Tag Archives: visualization

Edward Tufte

Here’s a fun interview with Edward Tufte, insult comic and author of The Visual Display of Quantitative Information. Here are a couple of his snappy retorts:

…highly produced visualizations look like marketing, movie trailers, and video games and so have little inherent credibility for already skeptical viewers, who have learned by their bruising experiences in the marketplace about the discrepancy between ads and reality (think phone companies)…
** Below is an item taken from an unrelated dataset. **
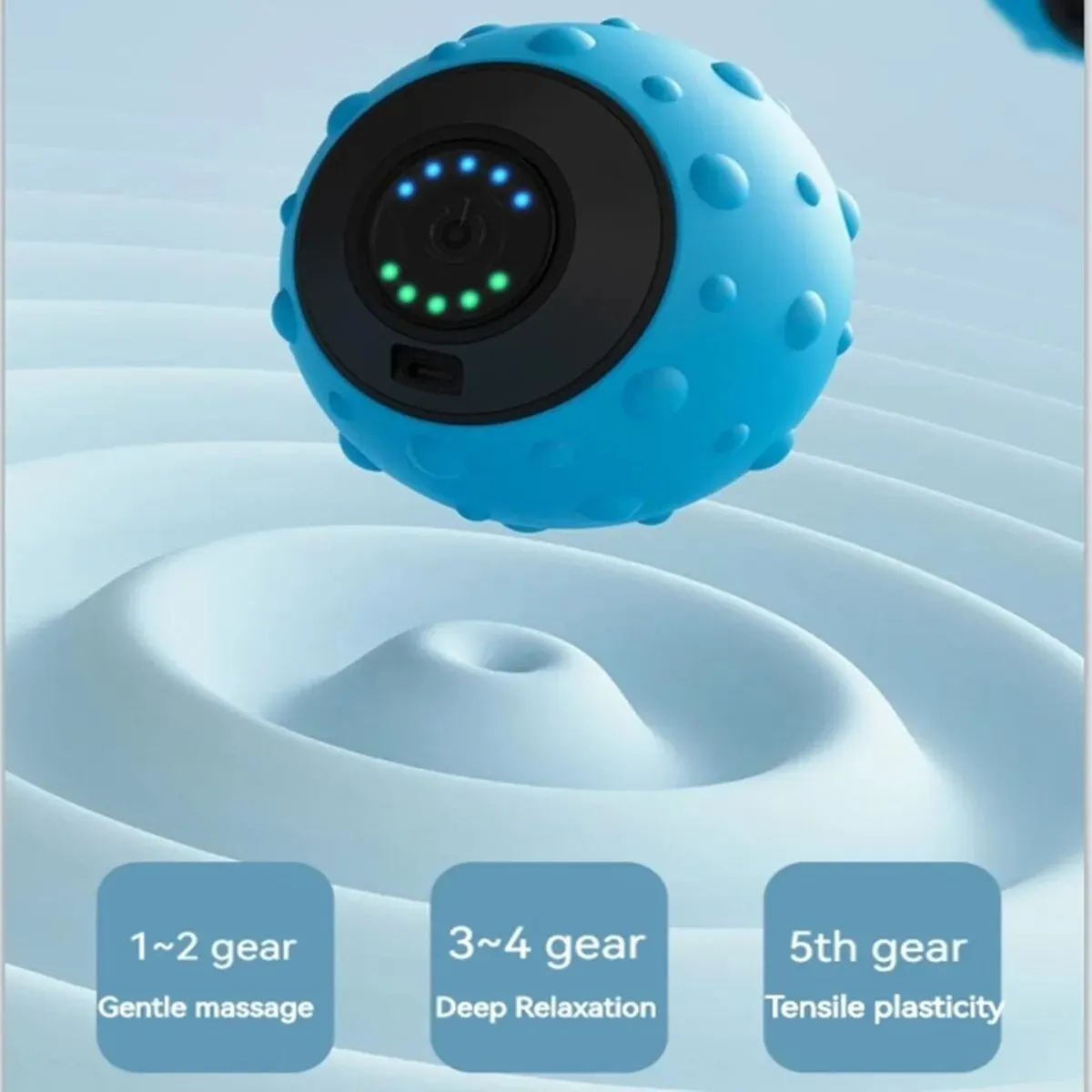 Electric Vibration Massage Bal - Pilates Toning Ball 评论和价格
…overload, clutter, and confusion are not attributes of information, they are failures of design. So if something is cluttered, fix your design, don’t throw out information. If something is confusing, don’t blame your victim — the audience — instead, fix the design. And if the numbers are boring, get better numbers. Chartoons can’t add interest, which is a content property. Chartoons are disinformation design, designed to distract rather than inform. Thus they reduce the credibility of your presentation. To distract, hire a magician instead of a chartoonist, for magicians are honest liars…
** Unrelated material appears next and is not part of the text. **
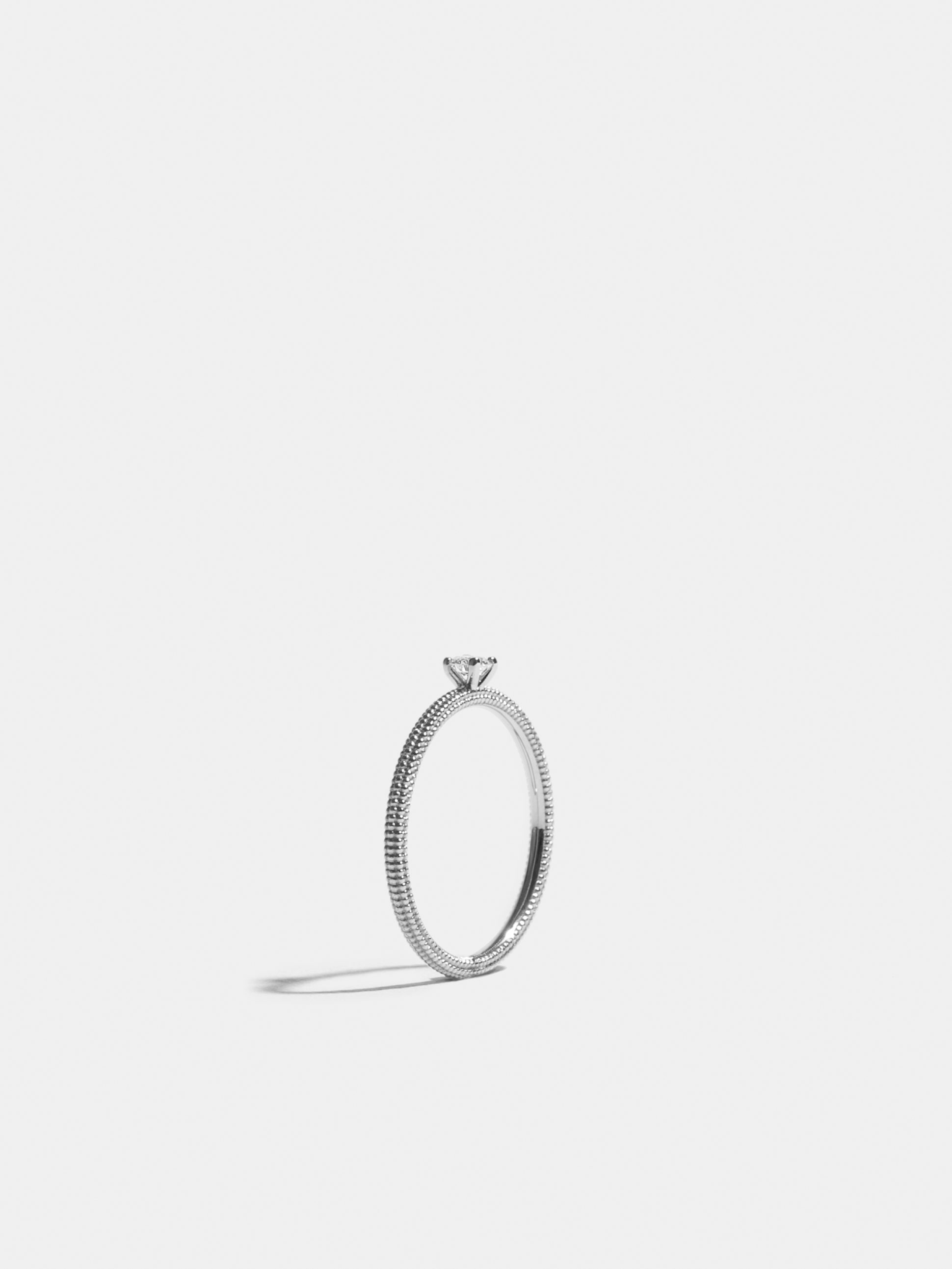 Anagramme "millegrains"  solitaire 0,10 carat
Sensibly-designed tables usually outperform graphics for data sets under 100 numbers. The average numbers of numbers in a sports or weather or financial table is 120 numbers (which hundreds of million people read daily); the average number of numbers in a PowerPoint table is 12 (which no one can make sense of because the ability to make smart multiple comparisons is lost). Few commercial artists can count and many merely put lipstick on a tiny pig. They have done enormous harm to data reasoning, thankfully partially compensated for by data in sports and weather reports. The metaphor for most data reporting should be the tables on ESPN.com. Why can’t our corporate reports be as smart as the sports and weather reports, or have we suddenly gotten stupid just because we’ve come to work?
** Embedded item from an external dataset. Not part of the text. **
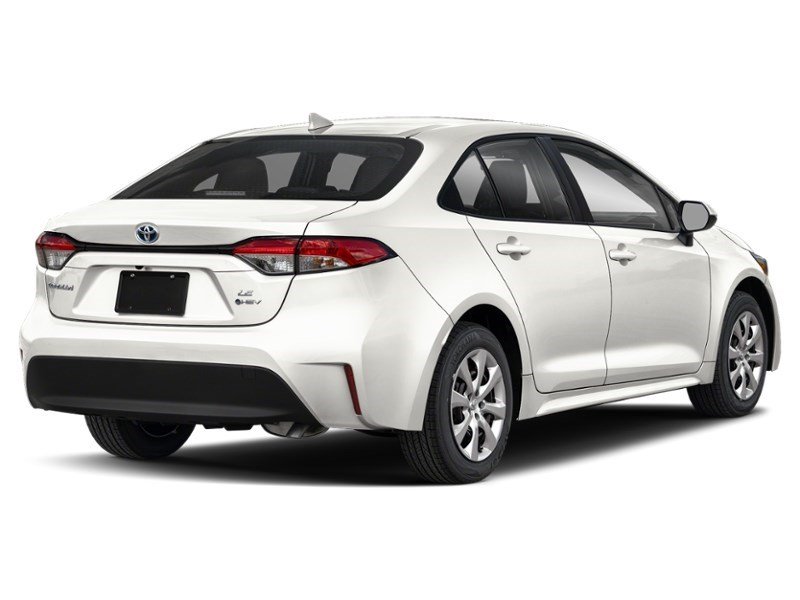 2026 Toyota Corolla Hybrid Hybrid LE CVT AWD White  Shot 6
It’s a very interesting point, actually, that people are willing to look at very complex data on sports sites, really study it and think about it, and do that voluntarily, considering it fun rather than boring, hard work. It’s child-like in a way – I mean in a positive sense, that for children the world is fresh and new and learning is fun. What is the secret of not shutting down this ability in adults. I think it’s context.

R graph catalog

Here’s a nice catalog of graphs made with R, along with source code for each. Some of the images were broken or missing when I tried it, but hopefully they’ll get that fixed. (By they way, this is my personal experience with interactive “Shiny” apps so far – I love the idea and the look, but there always seems to be something wrong that needs to be fixed, and fixing it takes more time and requires more specialized training than just dealing with plain old code. At first, I thought it might be a productivity enhancer, but instead it’s a drag when your job is not to build cool-looking apps, but to produce useful data analysis results in a reasonable amount of time.)

visualization

Solomon Messing has a pretty good article on data visualization and communicating scientific information, focusing on the ideas of Tufte and Cleveland. I like the idea that there is a science of what our brains can most easily process, and not just a need to create visual infotainment because we have lost our ability to concentrate on anything else. I’m not quite ready to give up on stacked bar charts in all cases.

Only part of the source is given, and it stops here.